А через сто лет, уже в наши дни, большой ученый Норберт Винер, рассказывая о новой науке кибернетике, то и дело ссылался на ситуации из истории об Алисе. В XIX веке не верили, что описанное Кэрроллом может иметь какое-либо отношение к реальной действительности. А оказалось, что это имеет отношение к действительности будущего (Максим Горький назвал ее однажды «третьей действительностью»).
Но я ушел от самого сложного вопроса: почему Кэрролл не написал бы об Алисе, если бы любил, как Д’Аламбер, а Д’Аламбер мог написать что-либо подобное, если бы не был захвачен полнотой чувств к Леспинас? Я ушел от этого вопроса с бессознательным лукавством: он кажется мне чересчур трудным для юного читателя, и в то же время, рассказывая о сердце и уме, я не могу удержаться от соблазна его коснуться…
А может быть, не будем бояться трудных вопросов? Разве они не волнуют маленьких, как и больших? Иногда даже сильнее волнуют. В письмах ко мне, с отрывками из которых я познакомил вас в самом начале, речь шла о смысле жизни, о возможности или невозможности бессмертия, о реальности или нереальности любви, — речь шла, по существу, о том, о чем думали и Сократ, и Монтень, и Достоевский, и Толстой. А раз это волнует, помедлим, подумаем о трудном, не боясь, что трудным будет и понимание.

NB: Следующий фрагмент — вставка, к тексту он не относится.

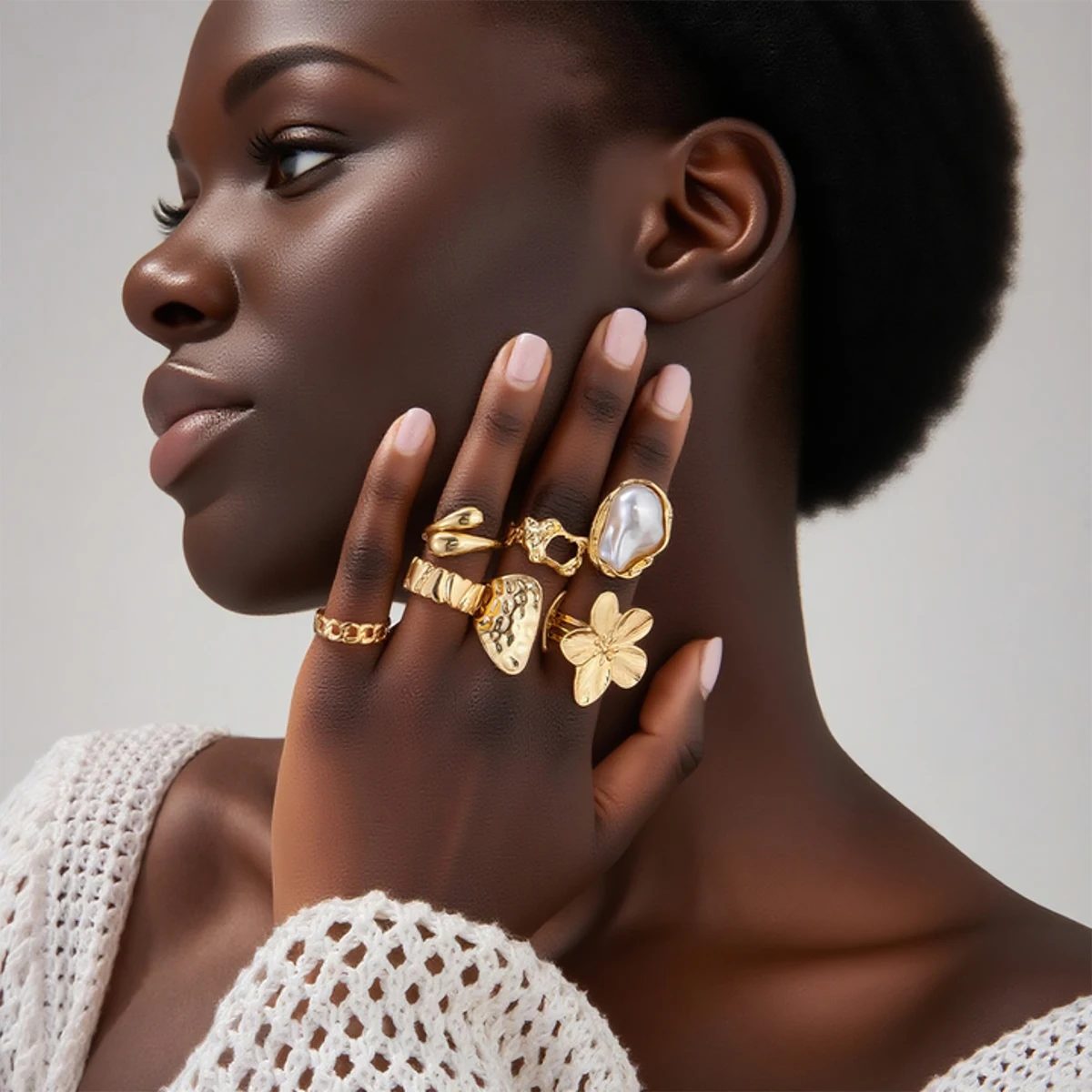 7Pcs Vintage Punk Irregular liquid Metal Finger Rings Sets for Women Vintage Flower Imitation Pearls Open Rings Jewelry Gifts 
7Pcs Vintage Punk Irregular liquid Metal Finger Rings Sets for Women Vintage Flower Imitation Pearls Open Rings Jewelry Gifts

Гармония между умом и сердцем совсем непроста, она не похожа даже на тончайшие, нежнейшие аптекарские весы с тихо колеблющимися и замирающими в равновесии чашами. Я видел однажды в документальном фильме, как умирает черепаха, утратив из-за атомной радиации инстинкт ориентации. Ей кажется, что она тянется к морю — к воде и жизни, а она все дальше уходит в мертвые пески. Она тонет в них, медленно, мучительно умирая, зарываясь маленькой черной беспомощной головой, делая уже из последних сил еще один, еле уловимый шаг — будто бы к морю, к жизни.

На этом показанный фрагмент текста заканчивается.